## Problem
Your job is to return the whole listing unchanged while skipping its images.

## Information supplied
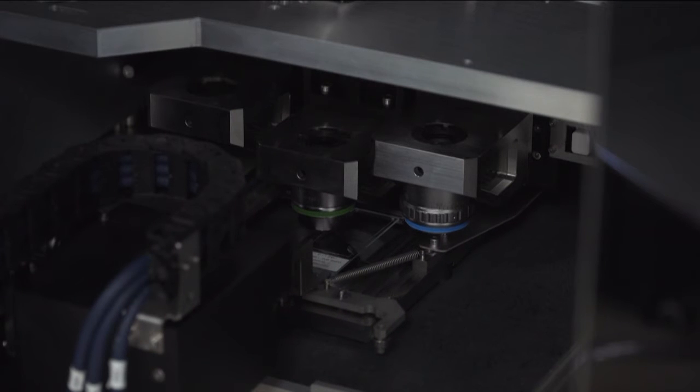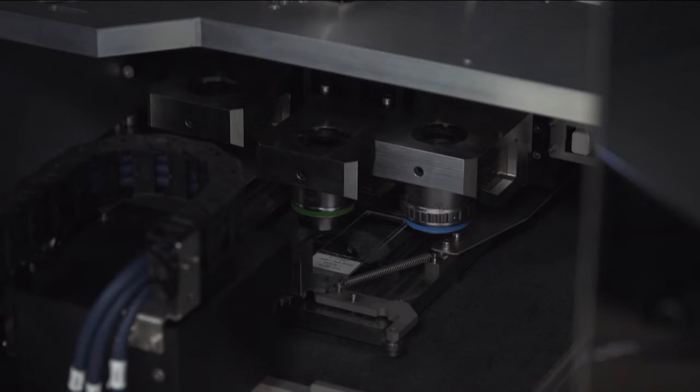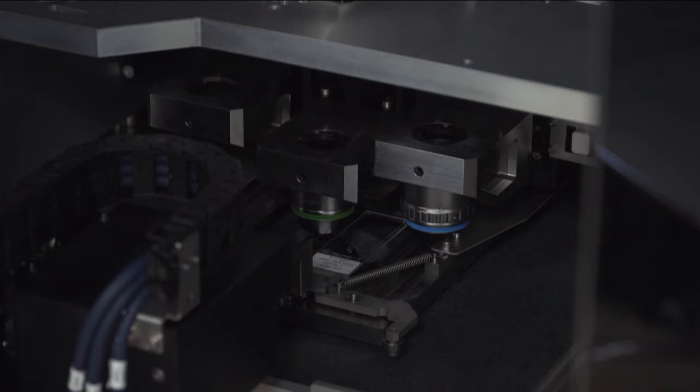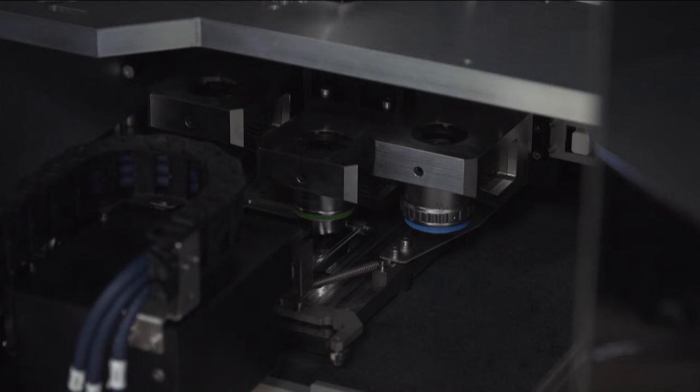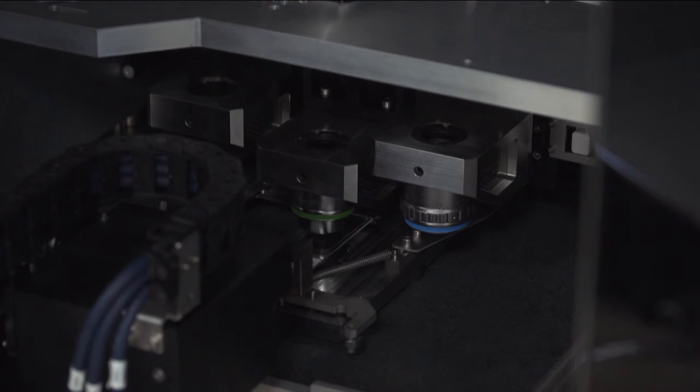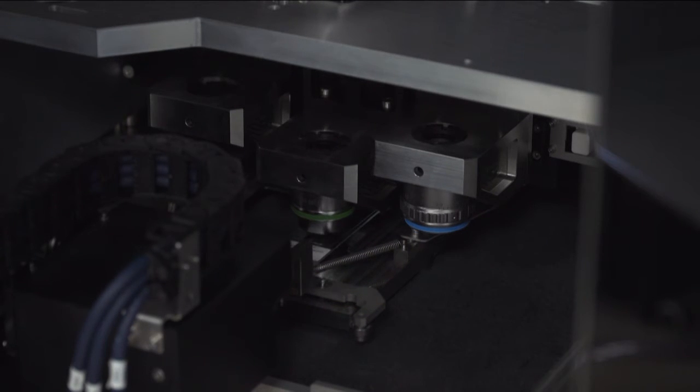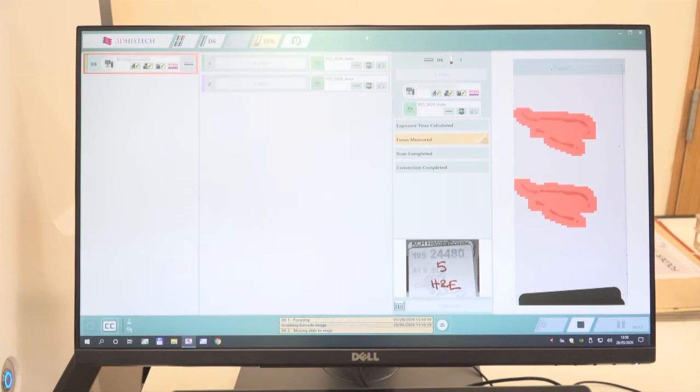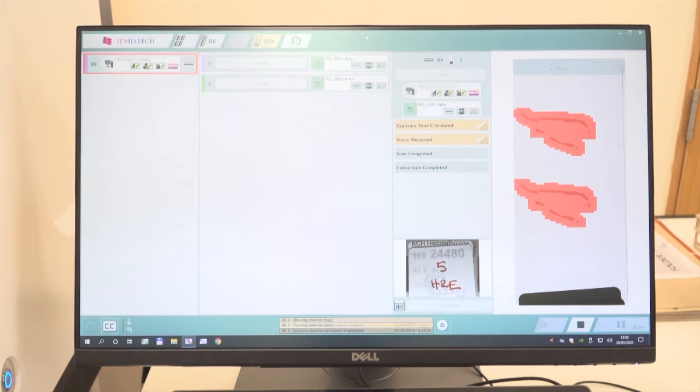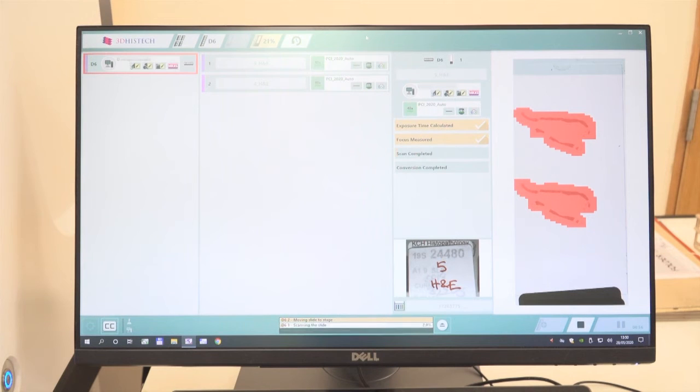In this case, it was put in the right-hand side position, and we used the 20 times objective to get the 40 times equivalent output. Currently, we're creating the focus map, and you can see the focus is measured, and we do an exposure time calculation.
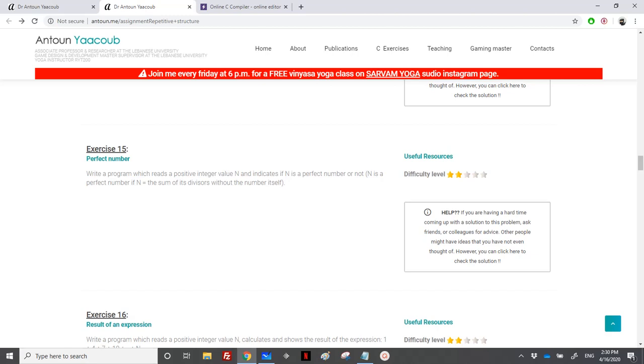Hi again, so we have an exercise on perfect numbers. We need to write a program which reads a positive integer value n, and the program should indicate if n is a perfect number or not. N is called a perfect number if n is equal to the sum of its divisors without the number itself.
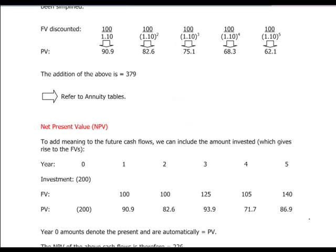Welcome back to ACCA paper F9 on financial management. Last time we were discussing the present value calculations for cash flows and what the discounting process was all about. The technique of discounting allowed us to take a future receipt of cash, convert it into an equivalent present value, and restate all cash flows in present value terms.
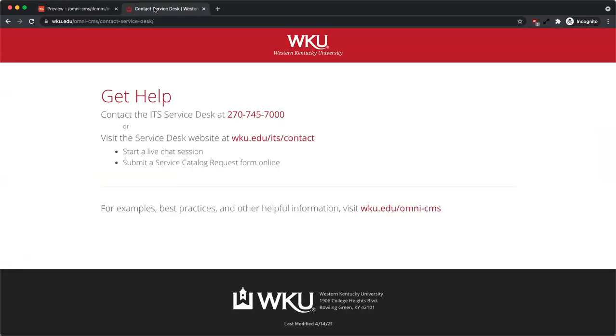If you have any questions or need further assistance, contact the ITS Service Desk at 270-745-7000 or visit wku.edu/ITS/contact. For examples, best practices, and other helpful information, visit wku.edu/omni-CMS.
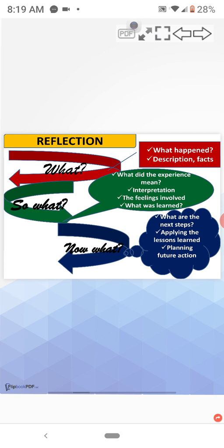The feelings involved in it and what was learned. Now what? That means the next step. What are the next steps? Applying the lessons learned and planning future action.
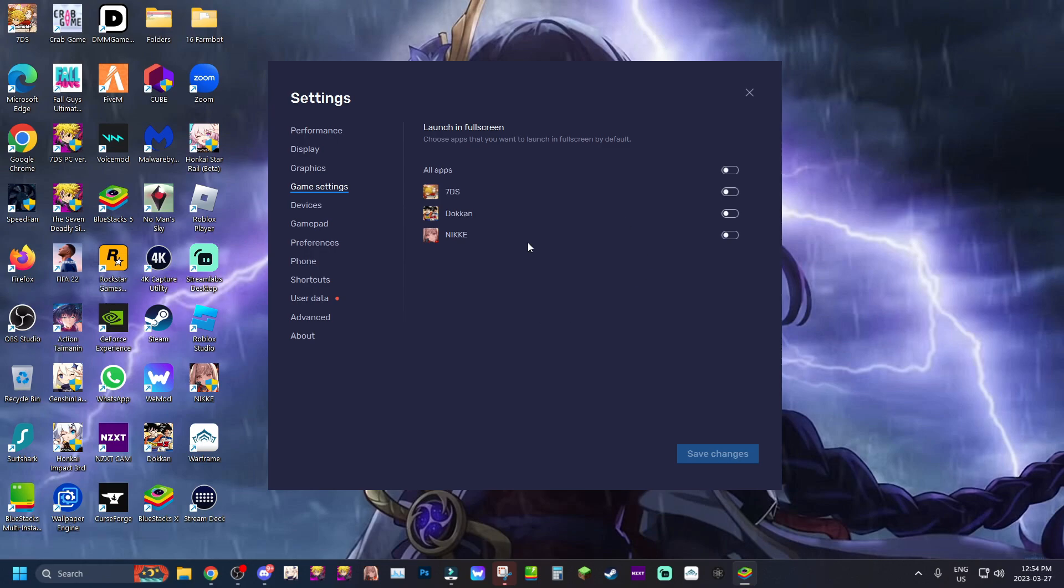And then so what you guys can do is if you're playing like a ton of games on Blue Stacks and you don't want to play any of your games in windowed mode, you want to play them all in full screen or some of them specifically in full screen, you guys go to game settings right here.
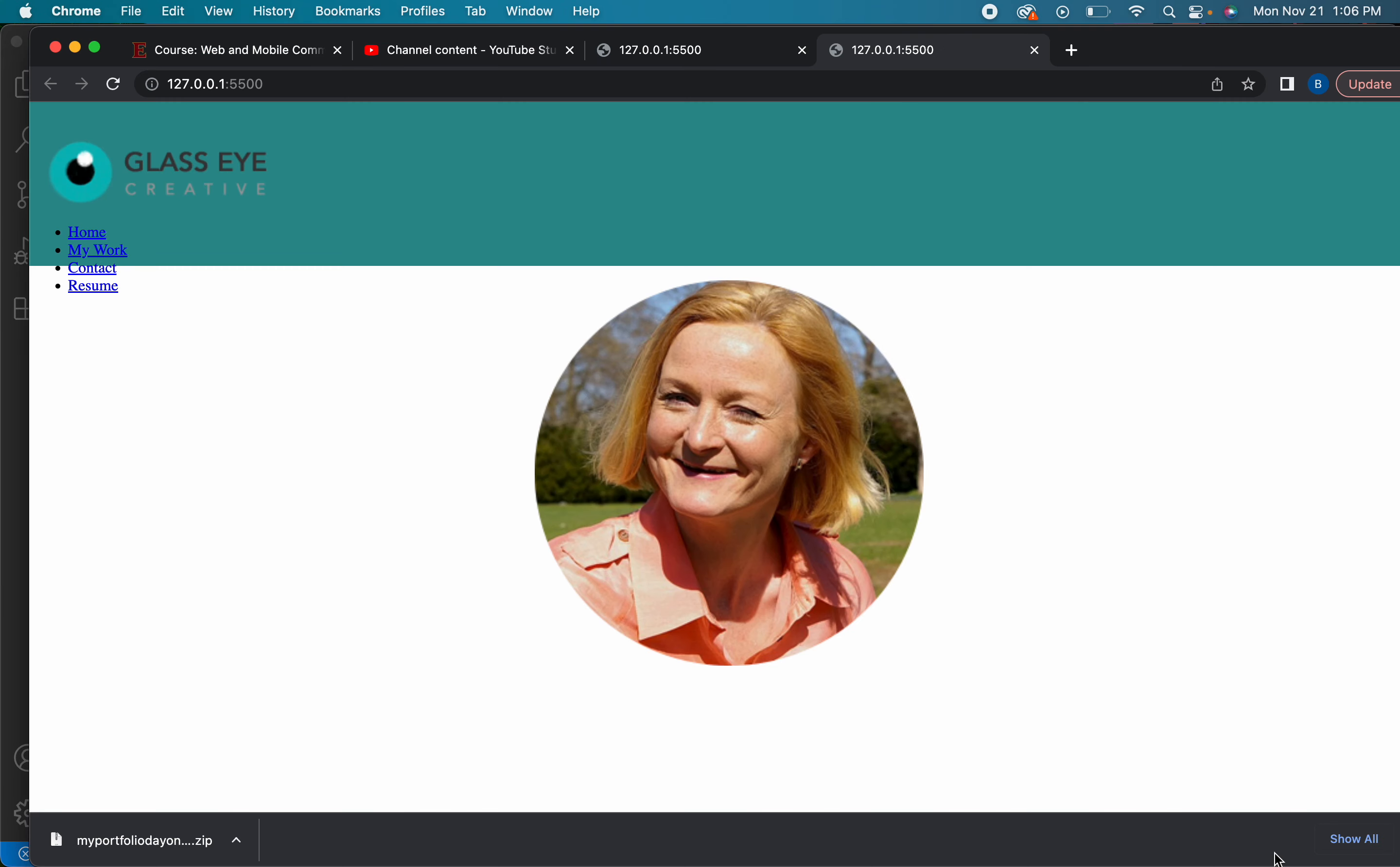So that is simply a way of how to actually center an image. So whenever you want to center an image just go ahead and do margin zero auto and then display block.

## Result of this exercise
In this case, it was put in the right-hand side position, and we used the 20 times objective to get the 40 times equivalent output. Currently, we're creating the focus map, and you can see the focus is measured, and we do an exposure time calculation.
Hi again, so we have an exercise on perfect numbers. We need to write a program which reads a positive integer value n, and the program should indicate if n is a perfect number or not. N is called a perfect number if n is equal to the sum of its divisors without the number itself.
Welcome back to ACCA paper F9 on financial management. Last time we were discussing the present value calculations for cash flows and what the discounting process was all about. The technique of discounting allowed us to take a future receipt of cash, convert it into an equivalent present value, and restate all cash flows in present value terms.
If you have any questions or need further assistance, contact the ITS Service Desk at 270-745-7000 or visit wku.edu/ITS/contact. For examples, best practices, and other helpful information, visit wku.edu/omni-CMS.
The feelings involved in it and what was learned. Now what? That means the next step. What are the next steps? Applying the lessons learned and planning future action.
And then so what you guys can do is if you're playing like a ton of games on Blue Stacks and you don't want to play any of your games in windowed mode, you want to play them all in full screen or some of them specifically in full screen, you guys go to game settings right here.
So that is simply a way of how to actually center an image. So whenever you want to center an image just go ahead and do margin zero auto and then display block.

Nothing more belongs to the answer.